Illustrative method of processing a biological sample

[0528] FIG. 17 is a flow chart illustrating general steps of an example method for processing a biological sample.

[0529] The method includes obtaining (1) a biological sample such as a fresh or frozen human or animal tissue. The sample is fixed (2) using a fixative by placing the sample in contact with the fixative. The sample is then optionally stored (3) in the fixative.

[0530] The sample is then transferred to a dissociation medium and dissociated (4). Larger dissociated pieces of tissue are optionally removed by filtering (5).

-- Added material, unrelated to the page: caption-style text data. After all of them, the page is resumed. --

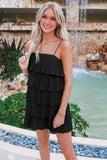 Green Spaghetti Strap Ruffle Tiered Pleated Party Dress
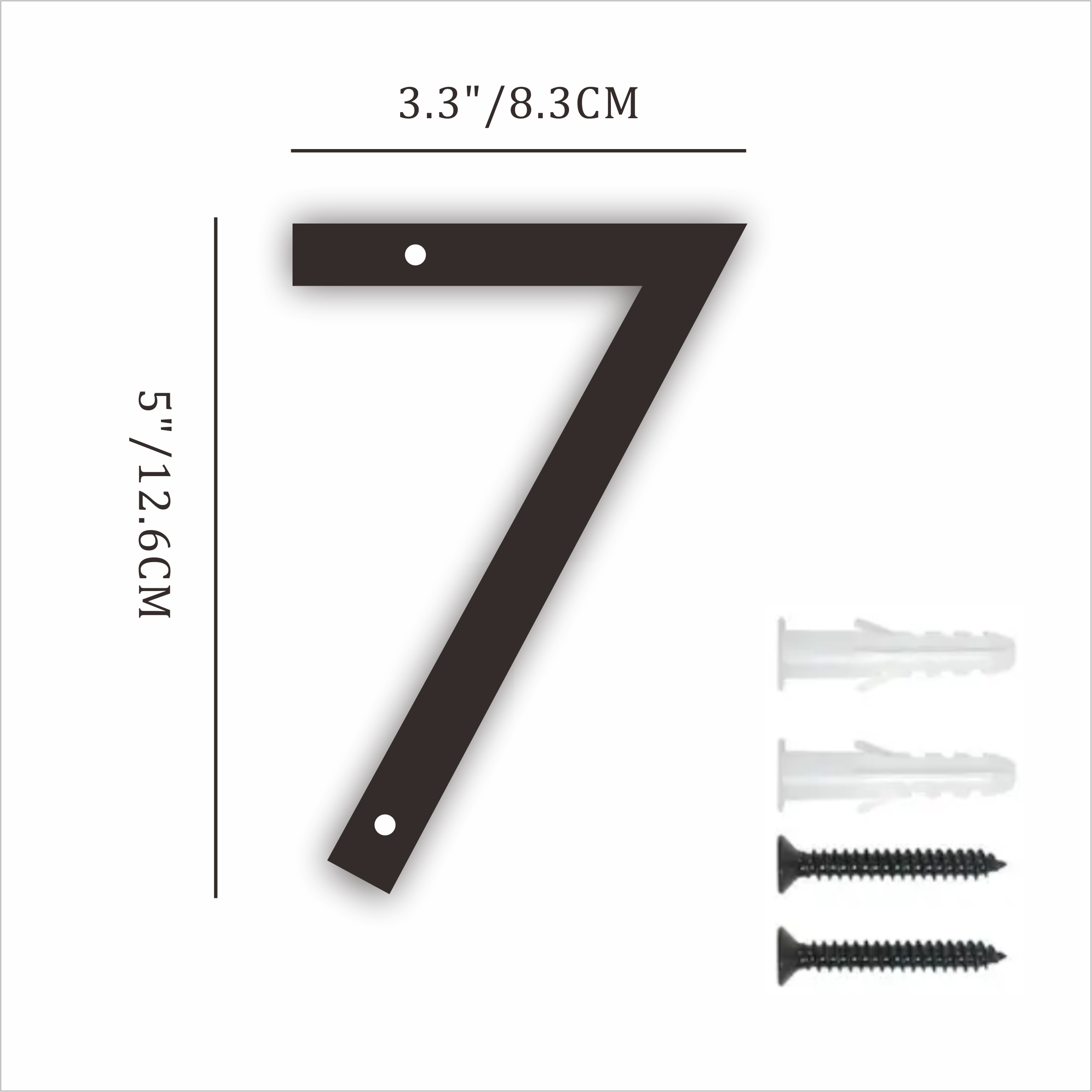 Floating House Number for Outside Modern House Address Numbers for outside  - Large Metal 7inch House Numbers Black - Door Number for House Address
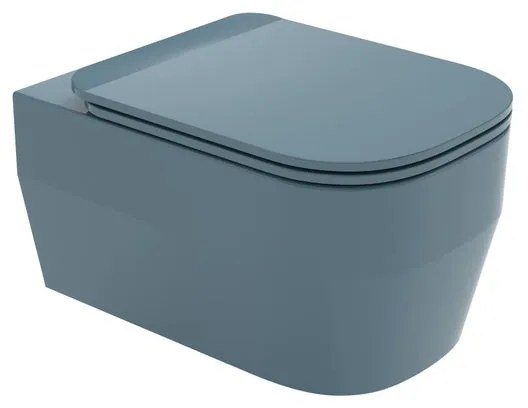 Vaso WC sospeso OLYMPIA CERAMICA tutto evo verde petrolio, sedile incluso P 53 x L 36 cm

[0531] Single cells are collected (6) by for example pelleting the cells or by filtration. The collected cells are optionally treated (7) with a secondary fixative such as an acid.

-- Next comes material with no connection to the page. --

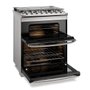 Fogão a Gás 5 Queimadores  Experience Cinza com  Forno Duplo Electrolux FE5DC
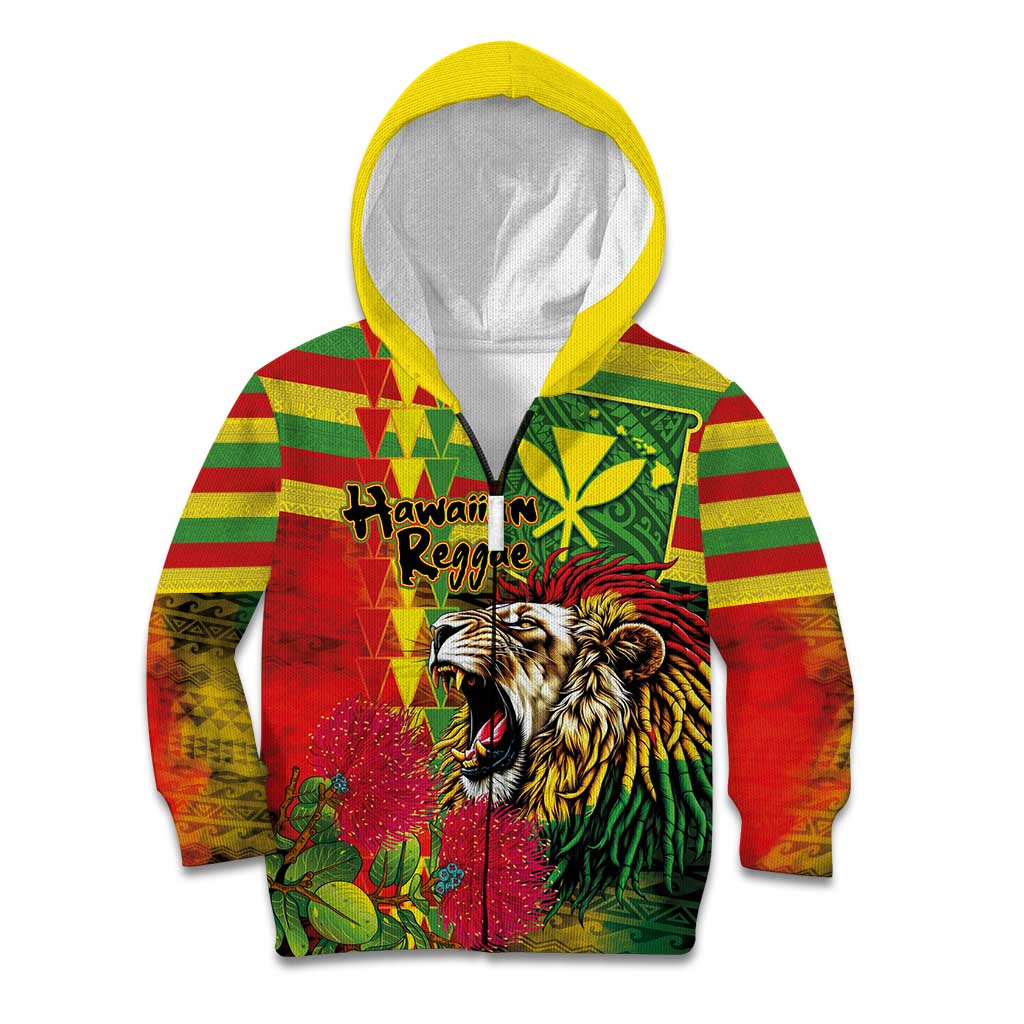 Hawaiian Reggae Kid Hoodie Kakau Art Motifs with Ohia Lehua and Rastafari Lion LT03 Zip Hoodie Multicolor - Polynesian Pride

[0532] The single cells may be stored (8), resuspended (9) in an aqueous medium, and then analysed (10).

Example 34

Illustrative Apparatus

[0533] FIG. 18 is a schematic diagram of one example of an apparatus 100 useful for processing a biological sample 102 to obtain single cells and/or groups of cells.

[0534] Apparatus 100 includes a container 110 for containing a biological sample 102 and a dissociation medium 104. The apparatus also includes a conduit 120, for example a tube. Conduit 120 has an inlet 122 for removing liquid dissociation medium from container 110, and an outlet 126 downstream of inlet 122. In this example, outlet 126 is for returning liquid dissociation medium to the container. This allows for recycling of dissociation medium.

[0535] First and second filters 132, 134 are arranged in the conduit. First filter 132 is a 40 to 70 μm filter, in other words, apertures in the filter have sizes in the range 40 to 70 μm. In this way, the first filter is configured to trap larger pieces of dissociated material such as fragments of extracellular matrix 133. Second filter 134 is downstream of first filter 132. Second filter 132 is a 1 to 12 μm filter. Filter sizes in this range are useful for isolating single cells 135. Cell sizes may vary, and the filter size may be selected as desired within this range.

[0536] A pump 124 for pumping liquid dissociation medium from the inlet 122 of the conduit 120 to the outlet 126 of the conduit 120.

[0537] In use, a biological sample 102 to be dissociated and an aliquot of a dissociation medium 104 such as a deep eutectic solvent are placed in the container 110. Sonication energy provided by a sonication source 140 is applied to the container, and is transmitted to the biological sample 102 via the dissociation medium. The sonication causes cavitation of the dissociation medium 104. The cavitation causes the biological sample 102 to be dissociated, producing single cells and/or groups of cells along with pieces of extracellular matrix. The single cells and/or groups of cells are suspended in the dissociation medium.

[0538] Pump 124 is activated, drawing dissociation medium and the single cells, groups of cells and extracellular matrix into the inlet 122 of conduit 120. The dissociation medium flows through the conduit in downstream direction 123. Pieces of extracellular matrix 133 are too large to fit through first filter 132, and are separated from the stream of dissociation medium. The dissociation medium then reaches second filter 134, where single cells 135 are separated from the dissociation medium. After passing through second filter 134, dissociation medium is returned to the container via outlet 126 of the conduit.

[0539] The biological sample is contacted with a deep eutectic solvent during the processing. This could be before or during the dissociating. The nature of the biological sample is not particularly limited. It may be fresh, frozen, or fixed. For fixed samples, fixation may be with a deep eutectic solvent or a deep eutectic solvent may be applied post-fixation either as dissociation medium or in an intermediate step.

[0540] Single cells obtained using the apparatus may be used in, for example, single cell DNA sequencing or single cell RNA sequencing, amongst other applications.